# WHAT THIS TASK INVOLVES:
When you reproduce the listing, keep every word as it is and drop the pictures.

# RECORDED DATA:
-- Opening Marker --

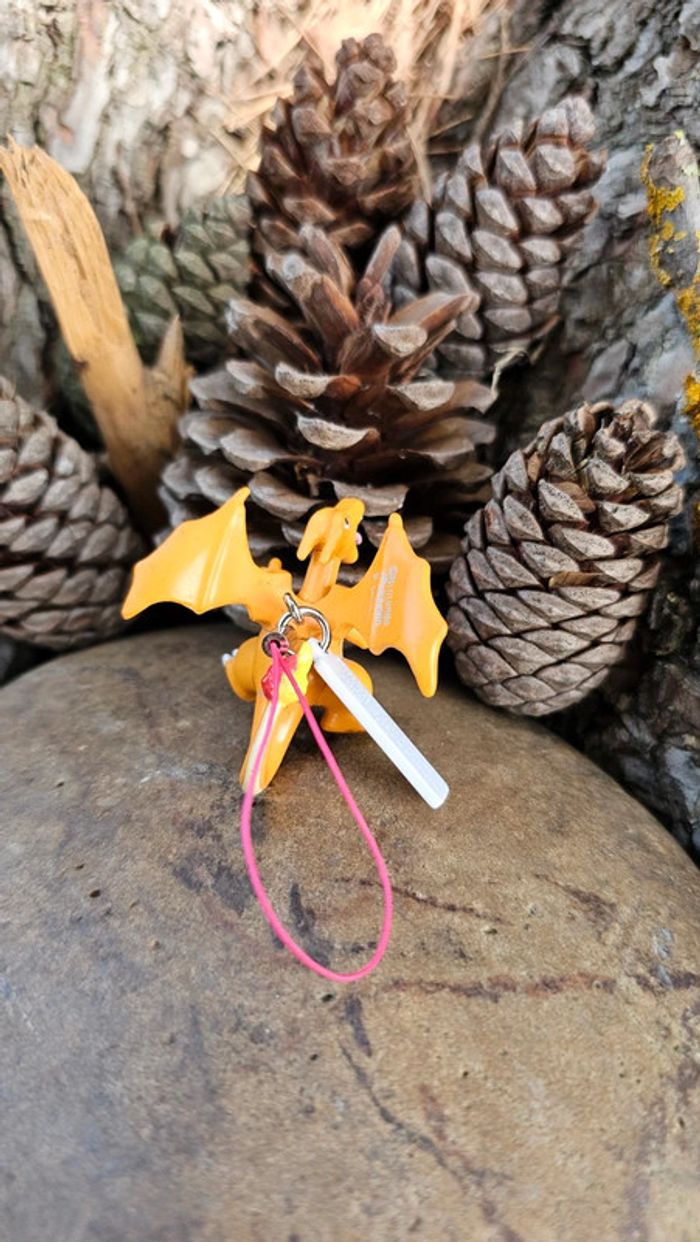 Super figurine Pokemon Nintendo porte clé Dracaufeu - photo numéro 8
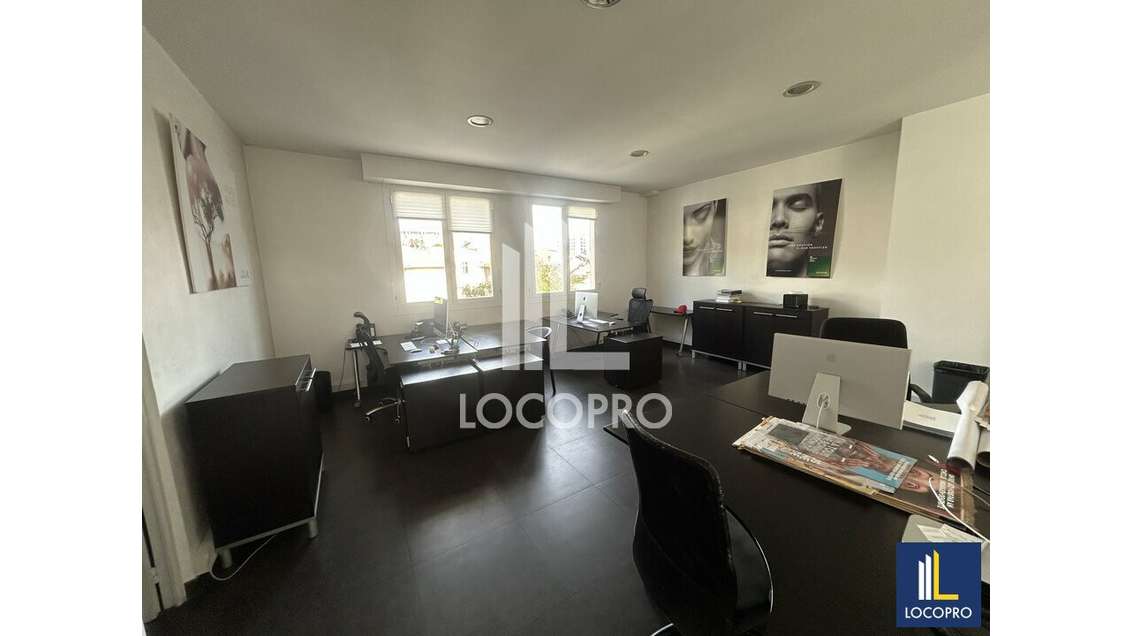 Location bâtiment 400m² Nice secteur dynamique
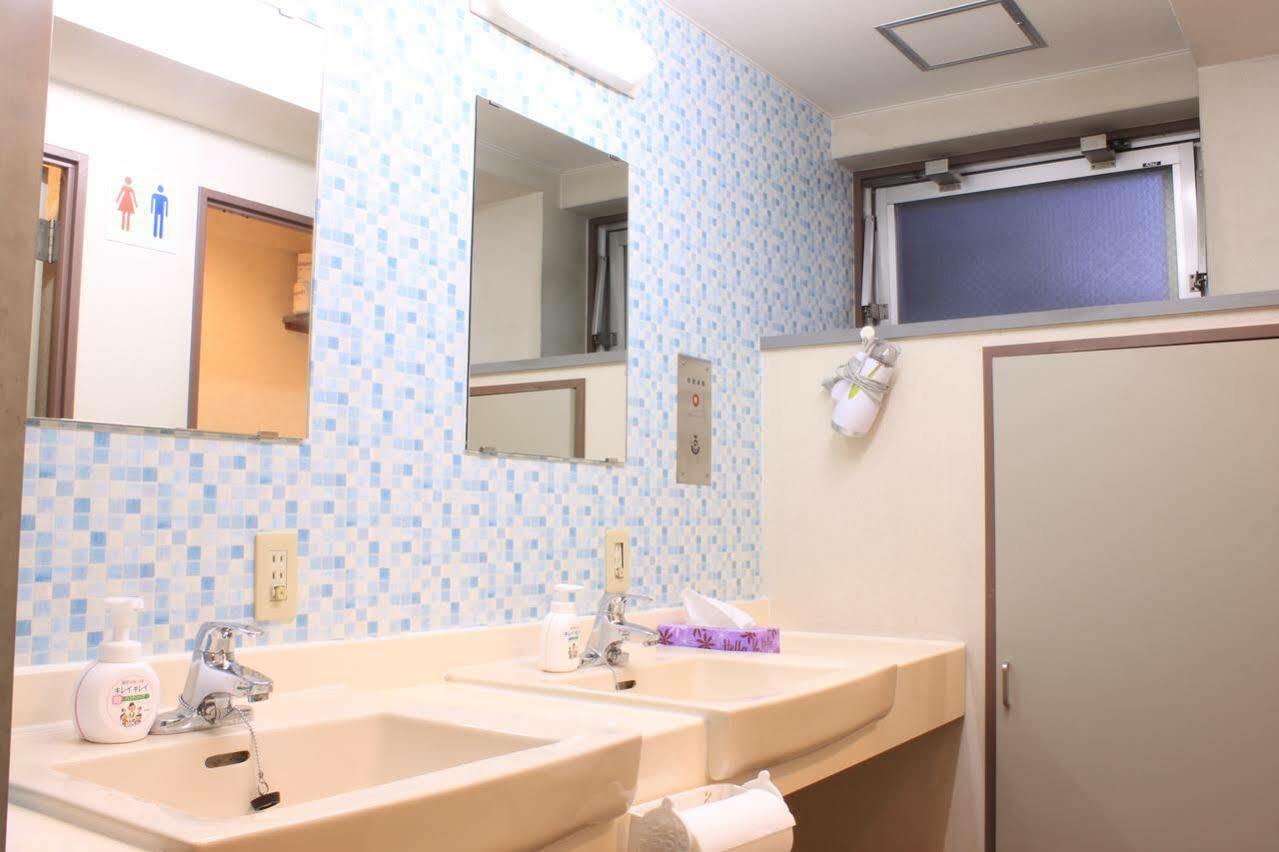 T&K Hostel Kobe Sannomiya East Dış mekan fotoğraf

-- Closing Marker --

# SOLVED EXERCISE:
 Super figurine Pokemon Nintendo porte clé Dracaufeu - photo numéro 8
 Location bâtiment 400m² Nice secteur dynamique
 T&K Hostel Kobe Sannomiya East Dış mekan fotoğraf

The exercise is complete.